I chair quite a few companies, and I advise a few more. Some of the biggest in the land, some of the smallest in the land. And I can say categorically, for certain, that the talk of a Miliband-inspired flight of business talent was no exaggeration. It would have happened.
Miliband's speeches may have got slicker during the campaign. His delivery was smoother, his body language more confident. He probably became more adept at negotiating a bacon sandwich these days. But the core message remained the same, and business leaders read it loud and clear: Ed Miliband was their worst nightmare since Michael Foot.
Whether it was Kinnock or Smith, Blair or Brown, even Red Ken Livingstone, they all believed in letting business people make money. And when those people had made their money, there was a discussion about how much of that money should be handed over to the public purse. But essentially it was an argument about the level of taxation.

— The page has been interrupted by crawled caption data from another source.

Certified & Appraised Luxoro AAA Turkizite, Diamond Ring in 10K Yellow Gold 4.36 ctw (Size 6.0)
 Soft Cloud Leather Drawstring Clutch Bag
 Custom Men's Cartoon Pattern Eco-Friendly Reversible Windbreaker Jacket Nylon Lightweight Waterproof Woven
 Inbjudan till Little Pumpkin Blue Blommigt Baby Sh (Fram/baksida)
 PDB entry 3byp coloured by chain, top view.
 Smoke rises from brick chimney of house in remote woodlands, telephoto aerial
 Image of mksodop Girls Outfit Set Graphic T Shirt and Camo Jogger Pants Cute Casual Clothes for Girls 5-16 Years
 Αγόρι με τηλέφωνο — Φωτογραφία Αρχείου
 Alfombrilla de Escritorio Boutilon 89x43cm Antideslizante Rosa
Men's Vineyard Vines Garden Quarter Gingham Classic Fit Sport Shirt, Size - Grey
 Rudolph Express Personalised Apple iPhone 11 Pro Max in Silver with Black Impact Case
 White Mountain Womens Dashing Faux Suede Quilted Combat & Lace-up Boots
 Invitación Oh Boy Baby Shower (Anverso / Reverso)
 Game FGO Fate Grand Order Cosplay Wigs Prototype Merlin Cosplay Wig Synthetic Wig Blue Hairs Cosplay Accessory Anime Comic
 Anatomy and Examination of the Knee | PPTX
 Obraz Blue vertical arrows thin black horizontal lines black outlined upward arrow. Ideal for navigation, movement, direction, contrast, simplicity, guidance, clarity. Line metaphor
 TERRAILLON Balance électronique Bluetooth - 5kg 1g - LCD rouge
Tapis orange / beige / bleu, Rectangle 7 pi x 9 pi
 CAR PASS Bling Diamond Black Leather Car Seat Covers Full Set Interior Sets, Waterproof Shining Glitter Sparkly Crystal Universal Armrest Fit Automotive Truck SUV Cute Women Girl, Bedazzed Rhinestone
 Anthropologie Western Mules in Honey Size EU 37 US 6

The argument put forward in this campaign was different. It was a fundamental dispute about the best way forward for British business. Miliband is an interventionist socialist with a deep conviction about intervening in markets. In other words, he thinks he can run a business better than the businesspeople themselves. He wanted to go straight back to the 1970s.
This concept of increasing income tax from 45% to 50% - we all knew it would only raise a couple of hundred million, and it wouldn't cause anyone to leave. Most people affected by the tax would have found a way round paying it. But the point is the policy was emblematic, totemic, an example of a wider ideological vindictiveness. As I've said before, it was about the mood music.
Imagine you're a headteacher in a really difficult comprehensive school in London. You and your partner bought a house years ago for £300,000, now it's worth £2.5 million, and of course you're going to be paying mansion tax. And your salary of £160,000 a year, every penny of which is hard-earned, is now subject to 50% taxation. You've ceased to be one of Ed Miliband's hard-working families; now you're a rich person who should pay the price. In Ed Miliband's eyes, you're the same as Roman Abramovich.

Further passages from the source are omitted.